_SUPPLIED RECORDS_

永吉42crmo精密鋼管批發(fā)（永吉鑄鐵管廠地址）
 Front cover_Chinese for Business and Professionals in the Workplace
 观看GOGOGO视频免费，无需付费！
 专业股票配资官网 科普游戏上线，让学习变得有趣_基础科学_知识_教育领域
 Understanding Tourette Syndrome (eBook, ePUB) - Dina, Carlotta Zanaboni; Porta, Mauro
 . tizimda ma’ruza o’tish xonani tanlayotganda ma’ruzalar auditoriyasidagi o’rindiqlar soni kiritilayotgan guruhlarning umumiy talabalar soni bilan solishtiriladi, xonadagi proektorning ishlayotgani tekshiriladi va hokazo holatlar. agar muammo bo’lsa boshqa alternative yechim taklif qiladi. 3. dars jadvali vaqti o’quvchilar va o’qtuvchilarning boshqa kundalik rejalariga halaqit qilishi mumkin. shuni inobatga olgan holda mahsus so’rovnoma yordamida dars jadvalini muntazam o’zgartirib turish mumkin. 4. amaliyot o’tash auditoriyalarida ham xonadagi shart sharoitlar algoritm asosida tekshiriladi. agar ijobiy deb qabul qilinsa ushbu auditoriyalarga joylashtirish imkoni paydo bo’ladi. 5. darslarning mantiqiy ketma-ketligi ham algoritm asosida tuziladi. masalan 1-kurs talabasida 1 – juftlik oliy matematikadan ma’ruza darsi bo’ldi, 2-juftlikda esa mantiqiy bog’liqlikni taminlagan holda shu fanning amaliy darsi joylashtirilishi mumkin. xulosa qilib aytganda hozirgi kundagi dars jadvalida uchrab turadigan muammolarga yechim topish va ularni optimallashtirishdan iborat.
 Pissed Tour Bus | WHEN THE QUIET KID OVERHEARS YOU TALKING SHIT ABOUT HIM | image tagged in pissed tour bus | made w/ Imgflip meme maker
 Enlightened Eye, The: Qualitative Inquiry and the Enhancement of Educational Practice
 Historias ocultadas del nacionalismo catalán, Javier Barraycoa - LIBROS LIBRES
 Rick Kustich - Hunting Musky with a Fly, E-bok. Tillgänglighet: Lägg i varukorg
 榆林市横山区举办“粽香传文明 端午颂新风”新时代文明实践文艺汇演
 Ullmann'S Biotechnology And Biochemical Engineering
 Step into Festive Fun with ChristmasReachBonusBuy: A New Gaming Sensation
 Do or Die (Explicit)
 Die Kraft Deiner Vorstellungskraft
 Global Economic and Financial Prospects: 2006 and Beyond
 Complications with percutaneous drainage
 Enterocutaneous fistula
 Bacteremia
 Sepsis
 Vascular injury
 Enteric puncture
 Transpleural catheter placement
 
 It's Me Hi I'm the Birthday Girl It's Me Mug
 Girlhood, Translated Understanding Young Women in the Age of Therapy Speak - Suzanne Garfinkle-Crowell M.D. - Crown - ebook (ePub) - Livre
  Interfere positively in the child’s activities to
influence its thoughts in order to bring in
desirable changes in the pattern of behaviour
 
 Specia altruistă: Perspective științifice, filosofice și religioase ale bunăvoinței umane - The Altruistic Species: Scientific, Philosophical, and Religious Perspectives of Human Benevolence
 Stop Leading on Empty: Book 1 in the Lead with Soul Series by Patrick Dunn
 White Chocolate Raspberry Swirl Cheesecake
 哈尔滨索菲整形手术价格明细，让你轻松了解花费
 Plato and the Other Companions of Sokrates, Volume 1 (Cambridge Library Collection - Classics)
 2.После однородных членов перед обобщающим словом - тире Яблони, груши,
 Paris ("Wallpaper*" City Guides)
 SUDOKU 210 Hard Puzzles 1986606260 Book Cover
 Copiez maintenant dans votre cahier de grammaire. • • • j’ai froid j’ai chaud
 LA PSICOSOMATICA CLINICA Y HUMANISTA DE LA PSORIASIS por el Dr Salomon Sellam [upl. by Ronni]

_TASK PROMPT_
Restate word for word the entries above, starting at the line with "Complications with percutaneous drainage" and ending at the line with "It's Me Hi I'm the Birthday Girl It's Me Mug", inclusive, and no others.

_EXPECTED OUTPUT_
 Complications with percutaneous drainage
 Enterocutaneous fistula
 Bacteremia
 Sepsis
 Vascular injury
 Enteric puncture
 Transpleural catheter placement
 
 It's Me Hi I'm the Birthday Girl It's Me Mug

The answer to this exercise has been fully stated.